Non-polynomial framework for stress and strain response of the FG-GPLRC disk using three-dimensional refined higher-order theory

This article presents a non-polynomial framework for bending responses of functionally graded-graphene nanoplatelets composite reinforced (FG-GPLRC) disk based upon three-dimensional refined higher-order shear deformation theory (3D-RHOSDT) for various sets of boundary conditions. By employing Hamilton's principle, the structure's governing equations are derived and solved with the aid of the differential quadrature method (DQM). The rule of the mixture and modified Halpin-Tsai model are engaged to provide the effective material constant of the composite layers.
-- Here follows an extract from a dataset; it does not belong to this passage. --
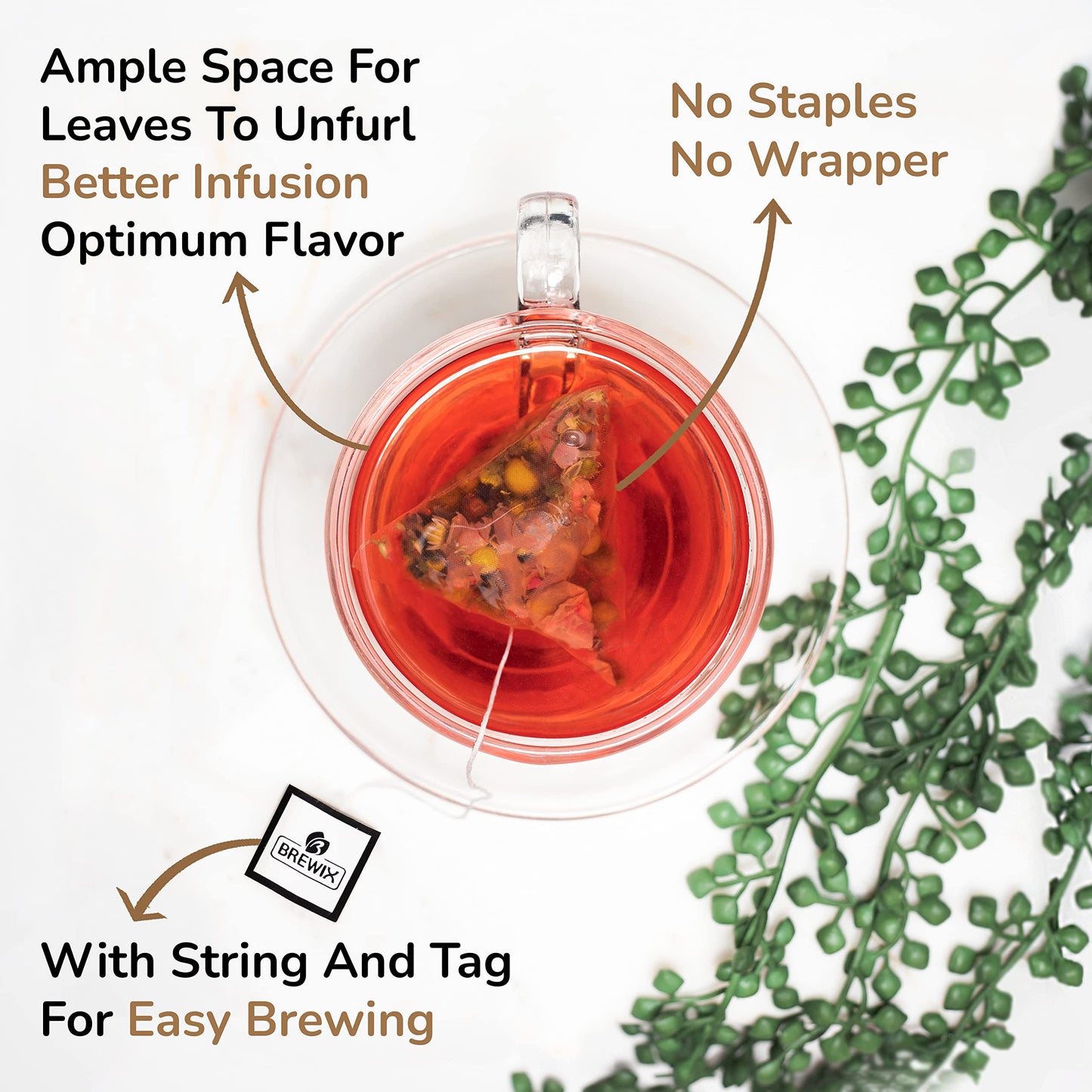BREWIX Hibiscus Rose Herbal Tea Bags, 15 Pyramid Bags, Whole Hibiscus Flowers, Chamomile, Spices, Supports Wellness & Digestion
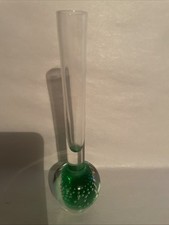 Vintage Green/Clear Glass Bud Vase With Controlled Bubble Base And A Narrow Neck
Afterward, a parametric study is done to present the effects of weight fraction of GPLs, three kinds of FG patterns, shape mode, three kinds of boundary conditions, and different patterns of applied load on bending characteristics of the FG-GPLRC disk. The results show that in the outer and inner layers of the GPLRC disk, the structure with GPL-X and GPL-O patterns has the highest and lowest value of the shear stress, while in the middle layer, the mentioned relation between GPL patterns and shear stress changes to reverse. Another consequence is that the GPLRC disk has the best bending and static behavior against the sinusoidal pattern of applied load, and the structure shows weaker behavior against the uniform pattern. It is also observed that as the radius ratio increases, the buckled nodes are concentrated along the circumferential direction, and the mentioned issue is more considerable at the higher mode numbers.